Exactly the lines below from the line with "꼼데가르송 그레이 레드와펜 집업 후디 상품이미지3" through the line with "Building Photo - 210 W Willingham St" must make up the answer, both ends included and pictures left out.

═══ DATASET EXTRACT ═══

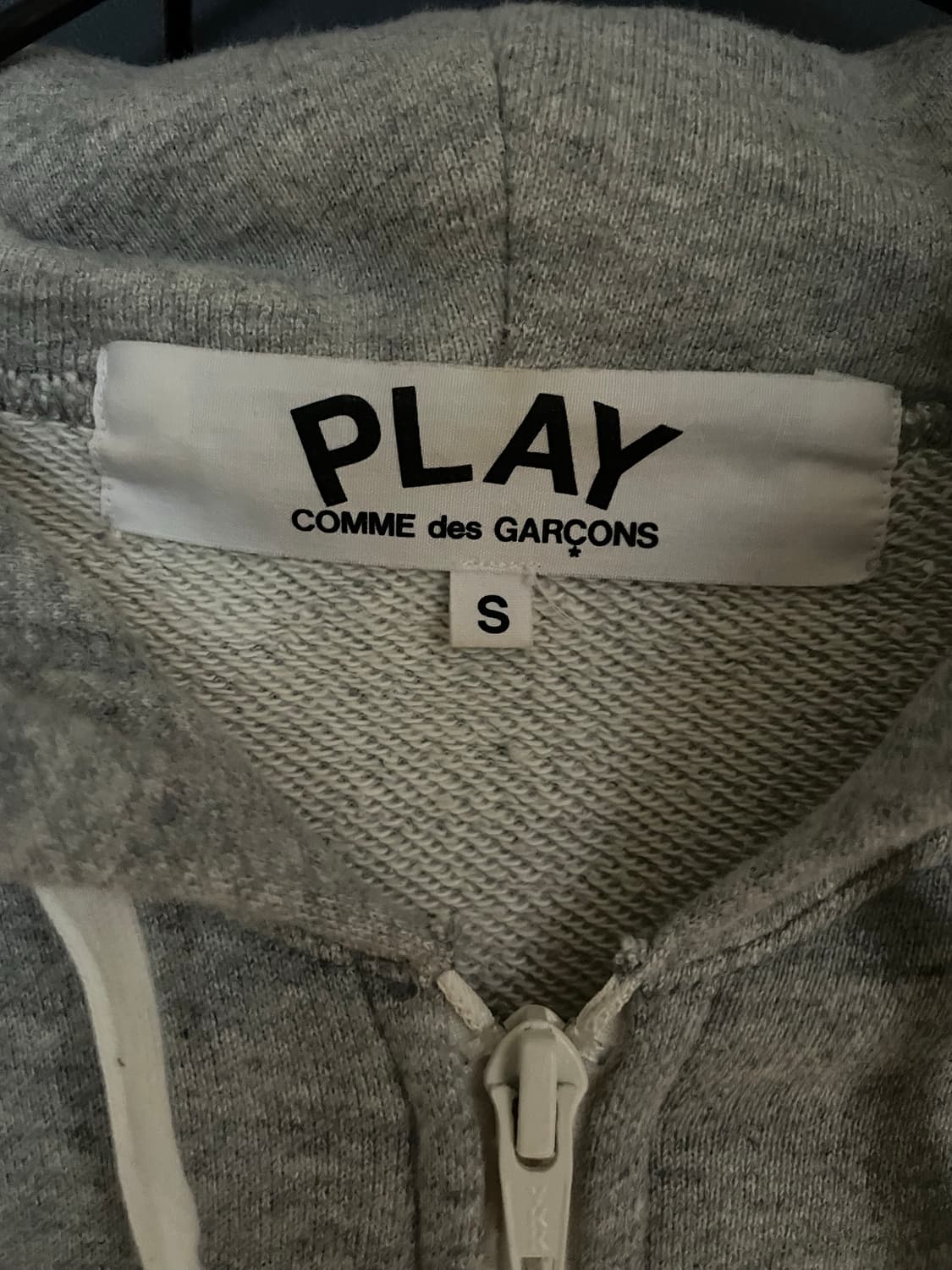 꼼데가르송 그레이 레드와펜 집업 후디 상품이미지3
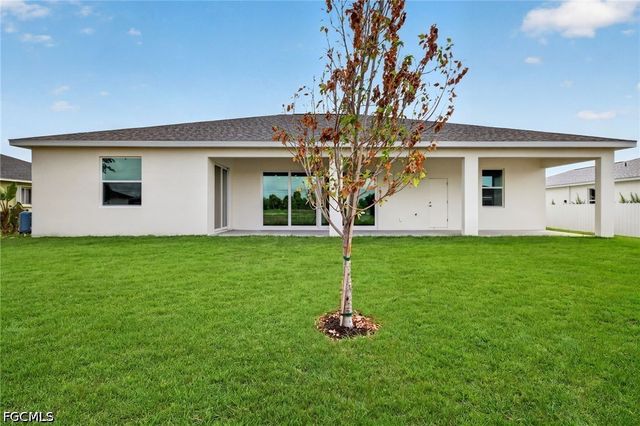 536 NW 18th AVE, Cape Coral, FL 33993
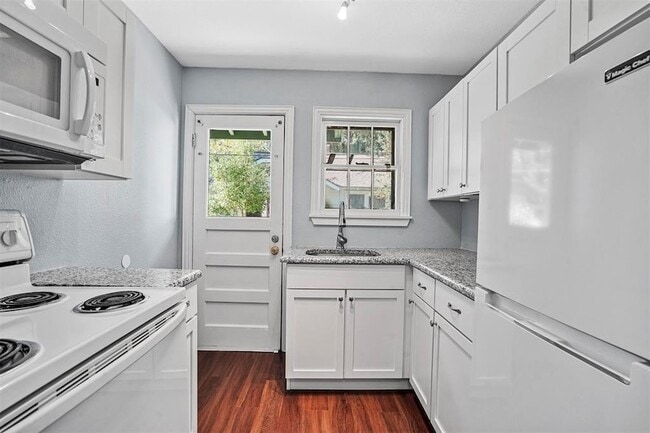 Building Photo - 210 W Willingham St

═══
═══ DATASET EXTRACT ═══

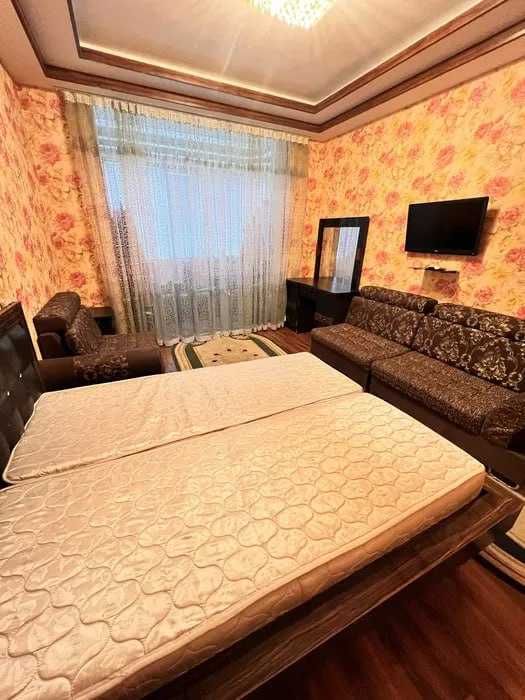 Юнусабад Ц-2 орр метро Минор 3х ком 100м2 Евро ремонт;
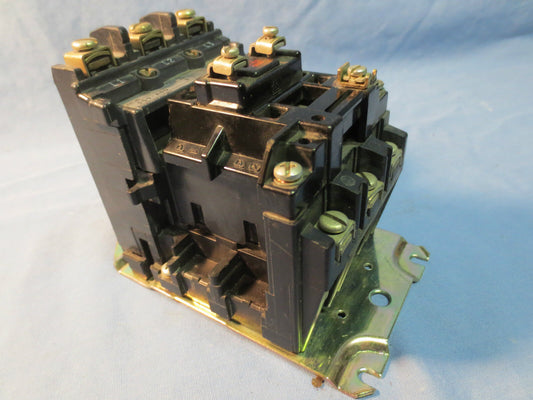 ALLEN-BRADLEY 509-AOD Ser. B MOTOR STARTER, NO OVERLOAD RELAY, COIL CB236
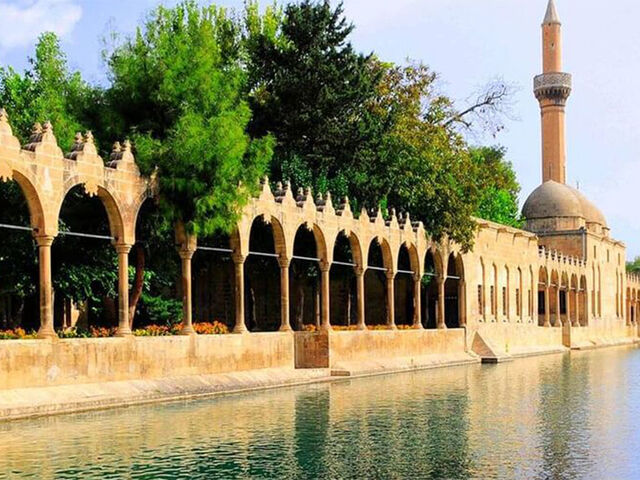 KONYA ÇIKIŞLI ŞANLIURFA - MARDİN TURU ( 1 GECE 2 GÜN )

═══

§ **THE ANSWER**
 꼼데가르송 그레이 레드와펜 집업 후디 상품이미지3
 536 NW 18th AVE, Cape Coral, FL 33993
 Building Photo - 210 W Willingham St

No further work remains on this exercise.